Halo, Tuan. Bagaimana kabarmu hari ini? Kalau kabarku baik, baik-baik saja. Ya, aku memang selalu baik-baik saja, bukan? Kau sedang apa di sana? Kalau aku di sini sedang bertahan. Benar, bertahan untuk mendayungi perahu yang sama bersamamu. Ada begitu banyak rasa yang hadir selama aku bertahan. Begitu banyak, sampai tak semua kusampaikan.
Aku masih ingat, rasanya mendayung bersamamu saat kita masih dekat tepian. Begitu ringan, begitu aku lupa pada waktu. Walau perahu melaju tak secepat kereta. Namun kunikmati benar, inci demi inci lajunya. Bersamamu, pagiku, senjaku, begitu sarat dengan arti. Matahari terbit dan matahari terbenam terlihat lebih cantik, bagai dilukis Tuhan langsung. Aku terhanyut. Tak lagi peduli pada air laut yang sebenarnya kutakuti. Hal ini kurasakan tak bukan karena kau. Karena aku, mendayung bersamamu.
Namun ternyata lautan yang kita telusuri terlalu luas. Aku bahkan tak tahu apa laut ini 'kan berujung. Belum kurasakan ujungnya jatuh ke retinaku.
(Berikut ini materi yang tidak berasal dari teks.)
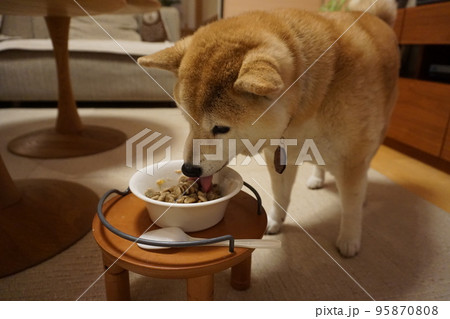 ご飯を食べる柴犬 ご飯を食べる柴犬 95870808
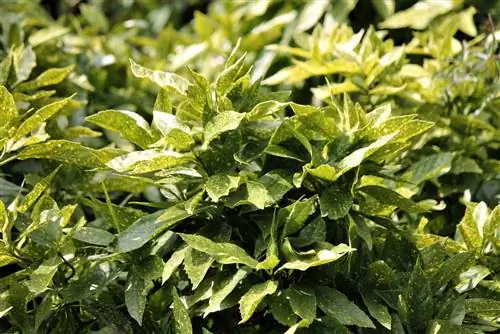 Aucuba Japonica: come prendersi cura perfettamente della pianta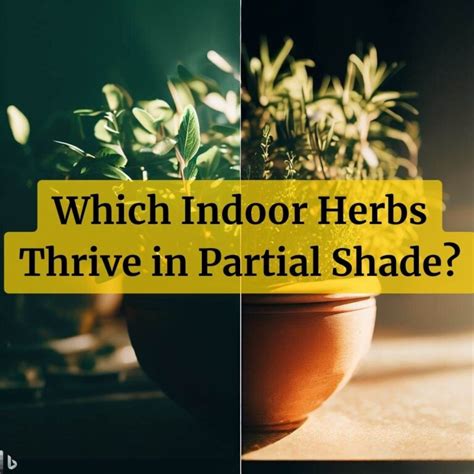 Herbs That Grow In Partial Shade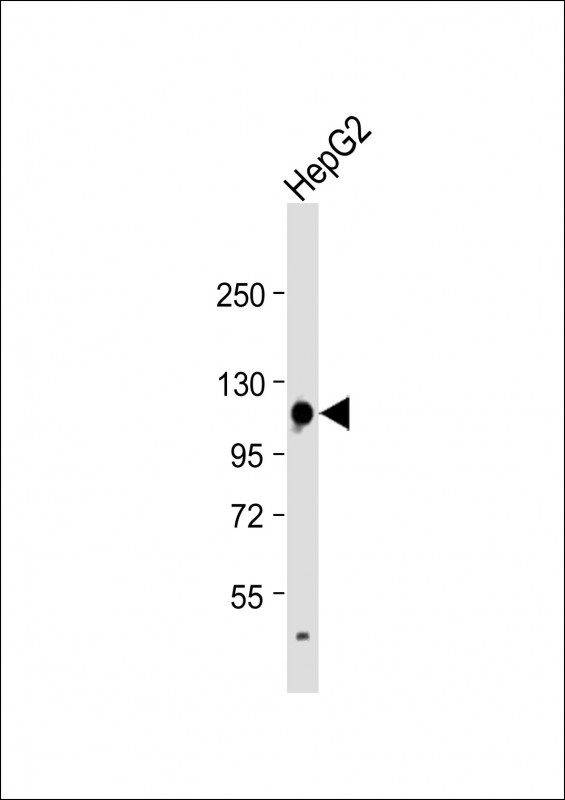 GLDC (N-term)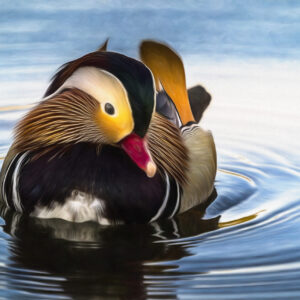 Mandarin Duck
Dan ada yang berbeda, papan dayungku terasa lebih berat ketimbang saat kita di tepian. Laju perahu melemah. Jangankan kereta, dengan siput saja kita kalah cepat. Padahal tanganku lengkap menggenggam dua papan dayung. Padahal keringatku terkuras tiada hentinya. Entah berapa trilyun tetes keringat yang jadi korban. Namun tetap saja, perahu kita seolah tak bergerak. Begitu berat.
Aku masih mendayung bersamamu, bukan? Lalu ada apa? Apa yang salah? Papan dayungmu tenggelam sebelah? Atau tanganmu terkilir? Atau ada celah bocor di perahu kita? Atau... kau tenggelam di lautan yang lain? Aku terus mendayung dan mendayung, sembari otakku dijamah beribu tanda tanya. Tanya yang diam, tak berjejak.
Rasanya mual. Aku mabuk laut. Air laut yang dulu tak lagi aku takuti, kini takut itu menghampiri lagi. Napasku begitu terpompa, lemas. Hampir kuhilang kesadaran. Hampir hilang napas. Hampir aku putus asa. Begitu, begitu, begitu ingin berhenti mendayung. Begitu ingin tenggelam sendiri di lautan yang bernama menyerah.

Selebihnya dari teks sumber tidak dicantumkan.